━━ Records to process

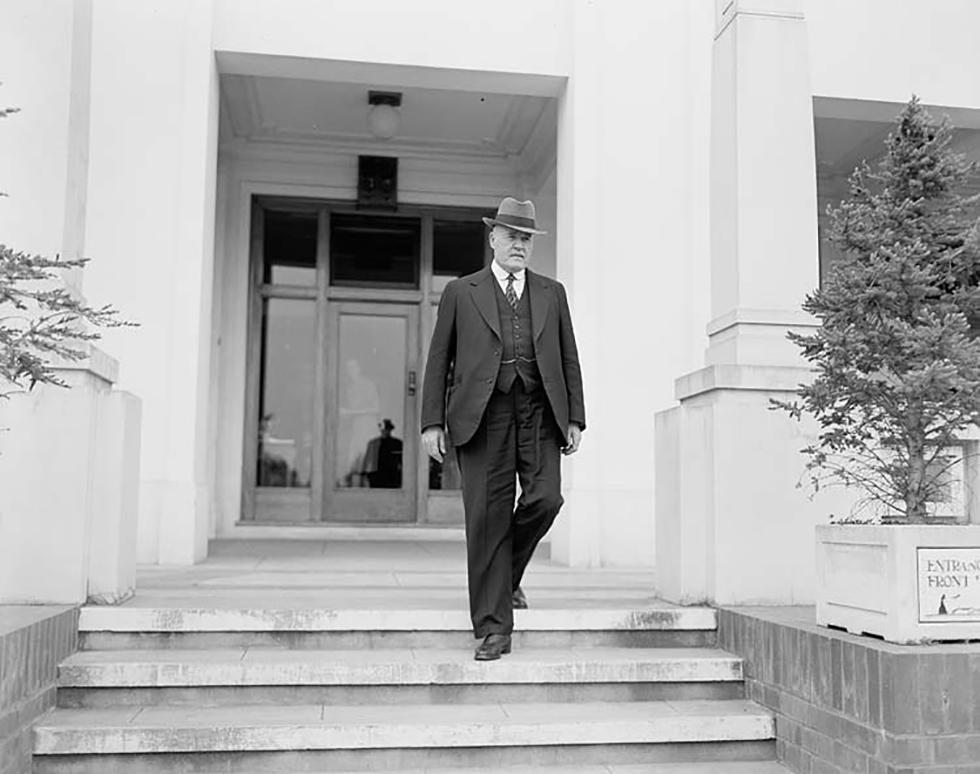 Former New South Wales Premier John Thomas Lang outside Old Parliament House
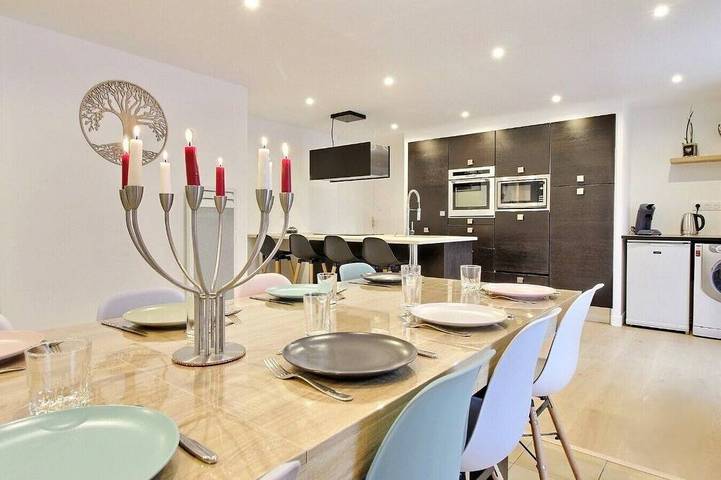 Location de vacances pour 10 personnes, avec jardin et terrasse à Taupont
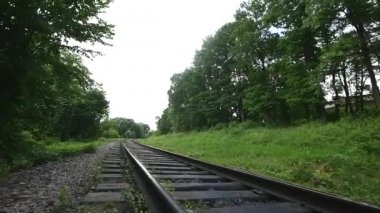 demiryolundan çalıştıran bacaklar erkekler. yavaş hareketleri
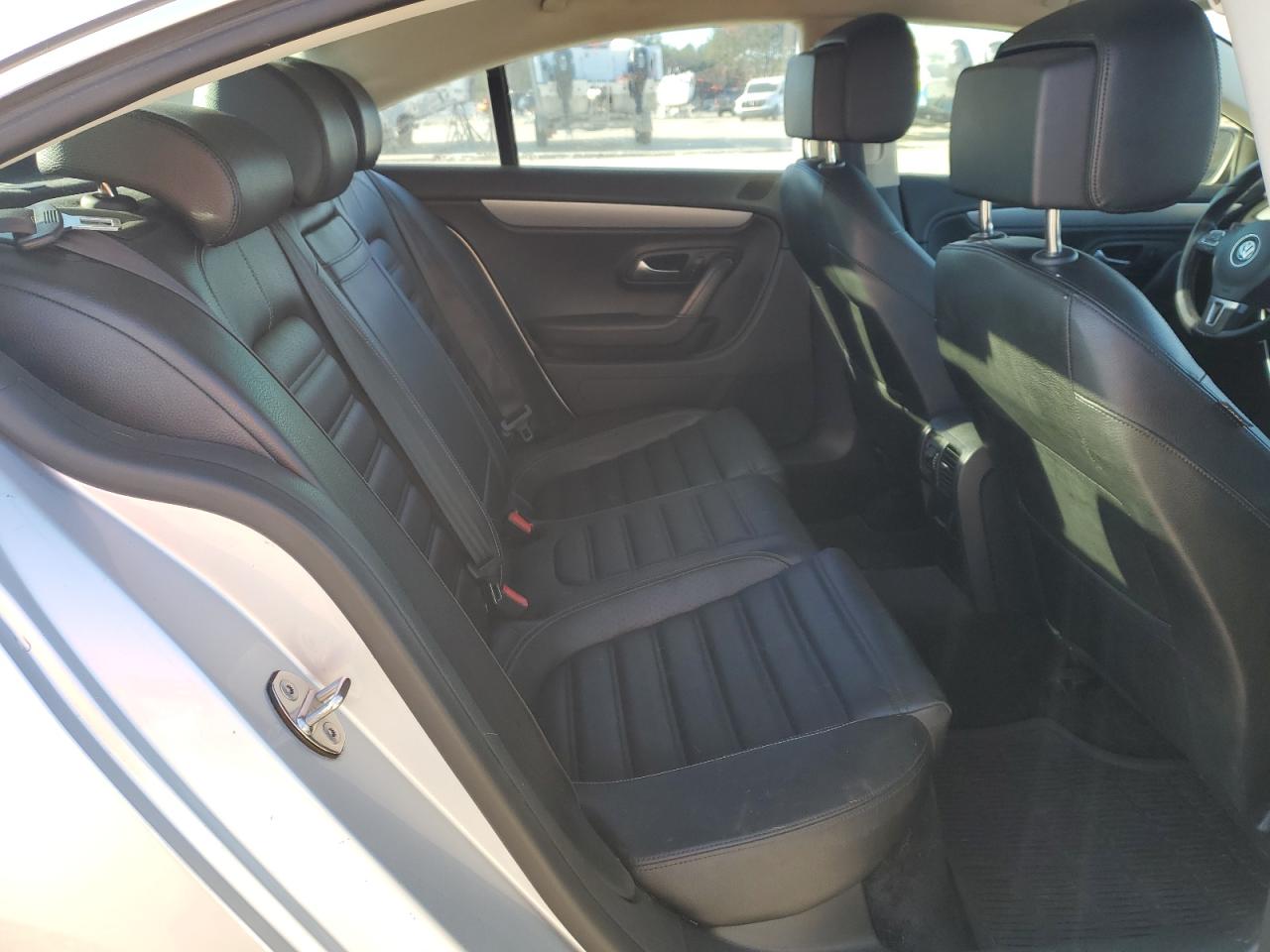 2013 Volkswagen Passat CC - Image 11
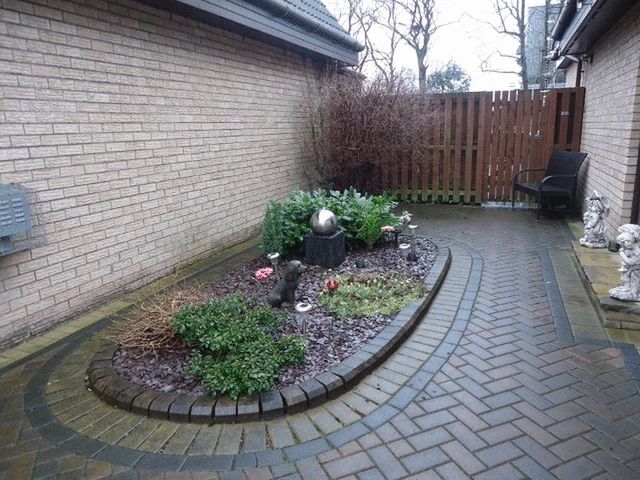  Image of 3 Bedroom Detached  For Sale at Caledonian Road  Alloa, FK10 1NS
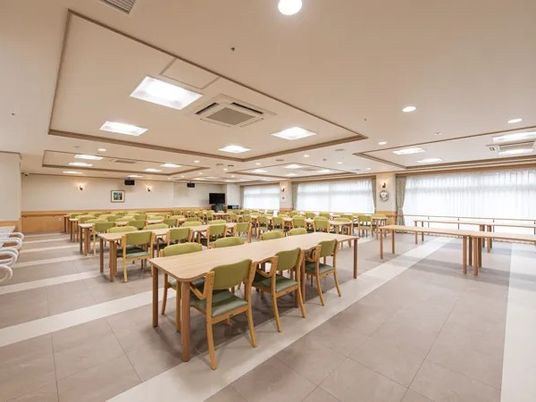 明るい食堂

━━━━
━━ Records to process

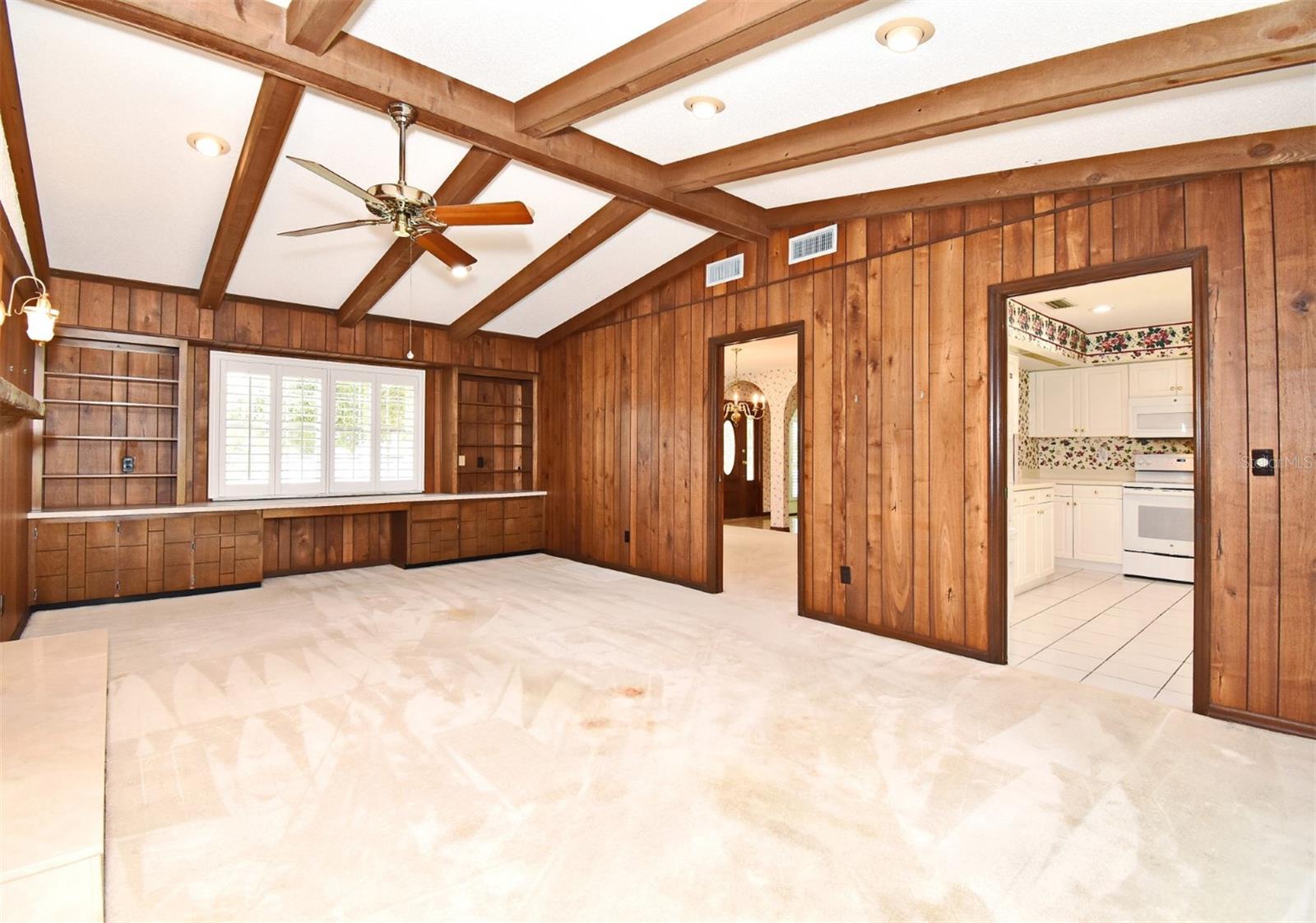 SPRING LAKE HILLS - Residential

━━━━

Give again, exactly as written above, every line from the one holding "Former New South" to the one holding "2013 Volkswagen Passat CC - Image 11", with both ends kept and the pictures left out.

 Former New South Wales Premier John Thomas Lang outside Old Parliament House
 Location de vacances pour 10 personnes, avec jardin et terrasse à Taupont
 demiryolundan çalıştıran bacaklar erkekler. yavaş hareketleri
 2013 Volkswagen Passat CC - Image 11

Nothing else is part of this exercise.